Un écosystème d’acteurs publics-privés consolidé
En marge des panels, trente-deux entreprises ont signé des protocoles avec des associations de jeunes pour faciliter l’accès aux stages. Le port de Pointe-Noire a, par exemple, ouvert un guichet unique dédié aux start-ups spécialisées dans la récupération des déchets plastiques.
Cette synergie illustre la volonté gouvernementale de créer des grappes d’innovation territoriales. Le Premier ministre Anatole Collinet Makosso a salué une dynamique « empreinte de solidarité » qui anticipe les objectifs de la future Stratégie nationale bas-carbone.
Témoignages de jeunes entrepreneurs écologiques
Devant un public attentif, Grâce Mvoula, lauréate du Prix Gold Le Prince, a présenté son projet de briques éco-compressées produites à partir de latérite et de résidus de scierie. « Je veux bâtir des logements abordables qui préservent la forêt », a-t-elle déclaré.
Autre exemple inspirant, Thierry Boukaka exploite les algues invasives du littoral pour fabriquer un biocombustible vendu aux ménages. Soutenu par une subvention du Figa, il prévoit de tripler sa capacité et d’embaucher vingt techniciens d’ici deux ans.
Perspectives régionales et diplomatiques
Située sur le corridor Atlantique, Pointe-Noire pourrait devenir une plateforme d’exportation de solutions climatiques vers les pays voisins. Des délégations venues d’Angola et du Gabon ont déjà manifesté leur intérêt pour les modules de formation certifiés par l’Union africaine.
Selon l’expert camerounais Jean-Bernard Ekollo, « la diplomatie climatique africaine nécessite des hubs comme celui-ci pour mutualiser les compétences ». Une proposition de réseau francophone des centres d’incubation durables sera soumise lors de la COP28 à Dubaï.

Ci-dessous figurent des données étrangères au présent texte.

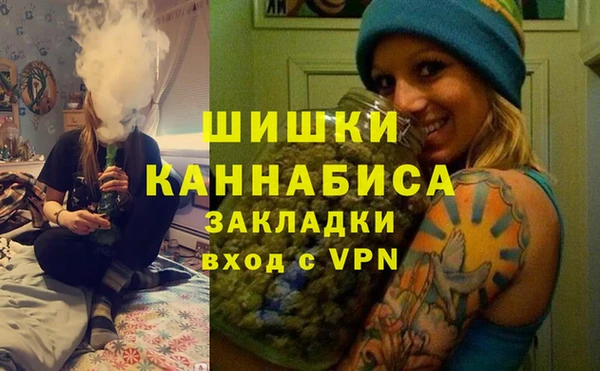 прущие крисы Аркадак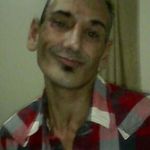 Profile Picture of Justin Brookes (@hunksterbiboy) on Instagram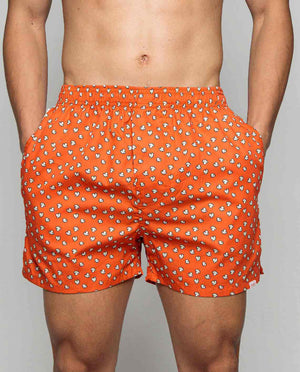 https://content.storeinfo.nl/applicatie/img/18/20251011100201_2430640_POP800Orange1009.jpg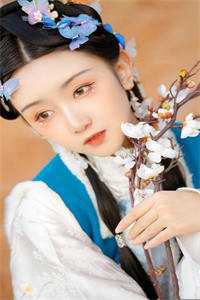 她把爱情困成牢热门小说江姝月陆拙言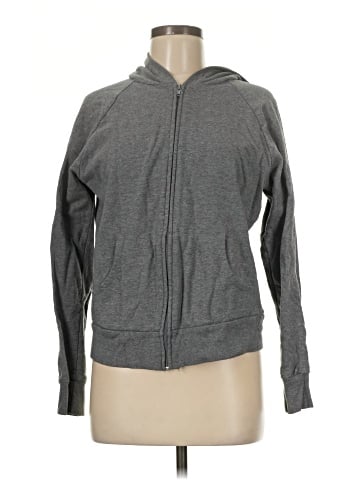 Bella Jacket (view 1)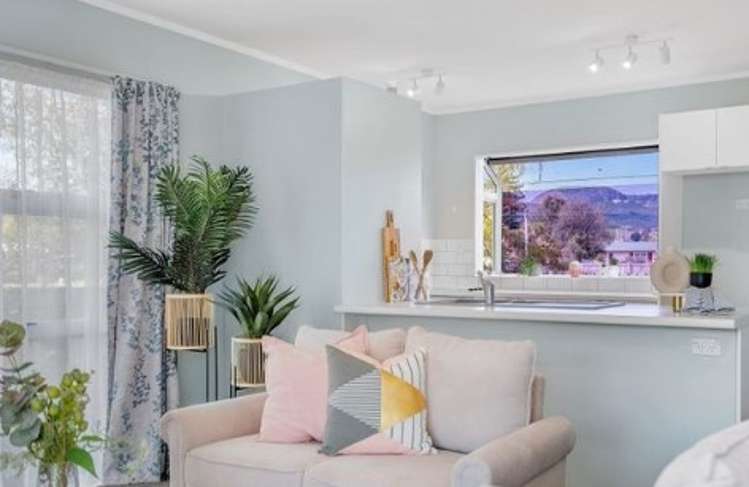 9A Willow Avenue Hannahs Bay_1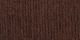 Patons Classic Wool DK Superwash Yarn Mocha Pack of 1 Skein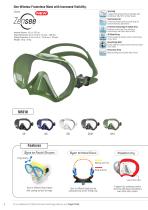 2022 TUSA CATALOG-4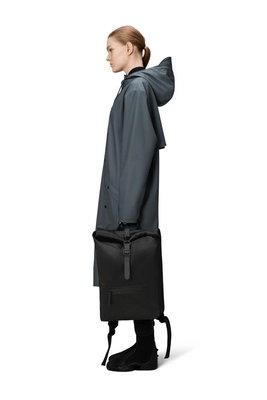 4---13320_blackgrain_aw25_women_1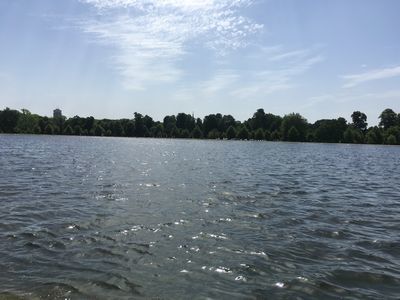 2019-06-28 11.14.29.jpg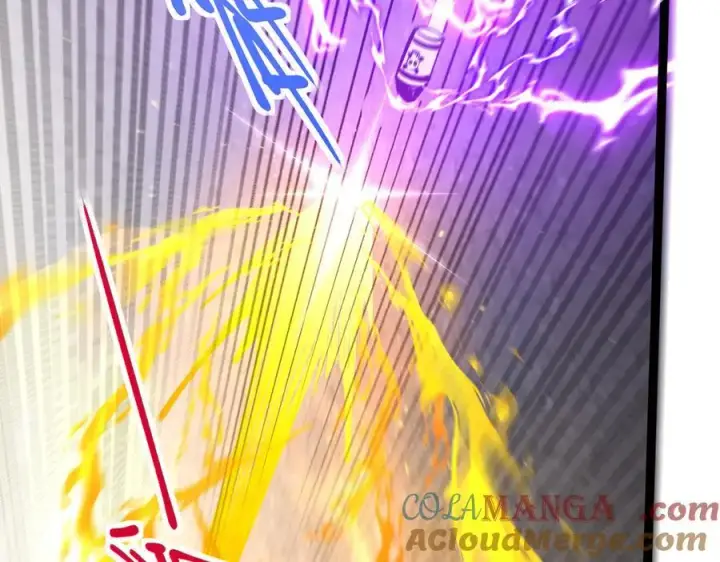 《深渊之种》27 争锋相对图82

Entreprises et climat d’affaires encourageant
Les chefs d’entreprise présents ont insisté sur la stabilité macroéconomique du Congo, favorable aux investissements verts. La lettre de politique nationale sur l’économie circulaire, publiée en juin, offre des incitations fiscales aux sociétés qui réduisent leur empreinte carbone auditable.
Pour Pierre Mabiala, ministre d’État chargé des relations avec le Parlement, « le succès confirme la pertinence d’un partenariat public-privé où chacun partage le risque et l’innovation ». Son département travaille déjà à sécuriser le foncier pour les agro-incubateurs.
Vers une cartographie des compétences vertes
L’Observatoire national de l’employabilité, rattaché au ministère du Plan, a profité du forum pour lancer une enquête temps réel sur les compétences manquantes dans les énergies renouvelables, la gestion des déchets et la finance carbone. Les résultats guideront les curricula universitaires.
Un partenariat technique avec l’Organisation internationale du Travail offrira une méthodologie harmonisée, permettant au Congo de se comparer aux standards africains. À terme, un portail en ligne facilitera l’orientation des jeunes vers les pôles de formation disponibles.
Gouvernance et cohérence des politiques
Les observateurs soulignent la nécessité d’une gouvernance inter-ministérielle pour garantir la pérennité des acquis. Un comité de suivi trimestriel impliquant société civile, secteur privé et partenaires techniques évaluera l’impact social et environnemental des financements.
Cette approche s’inscrit dans l’Agenda 2030 et la Vision africaine 2063, rappelant que la création d’emplois verts constitue un vecteur de paix sociale. Les bailleurs présents ont insisté sur la transparence des indicateurs pour attirer davantage de ressources concessionnelles.
Horizon 2025 : cap sur l’innovation durable
En clôturant la rencontre, la coordonnatrice Aline France Etokabeka a exhorté les jeunes à « montrer leur courage et leur créativité » pour que le Congo de demain s’appuie sur leur énergie. Son message résonne comme un appel à la responsabilité partagée.
Les perspectives dégagées par le Fhic traduisent un consensus : la transition écologique peut être un formidable levier d’inclusion si la formation, le financement et la gouvernance avancent de concert. Rendez-vous est déjà pris pour la sixième édition annoncée à Brazzaville.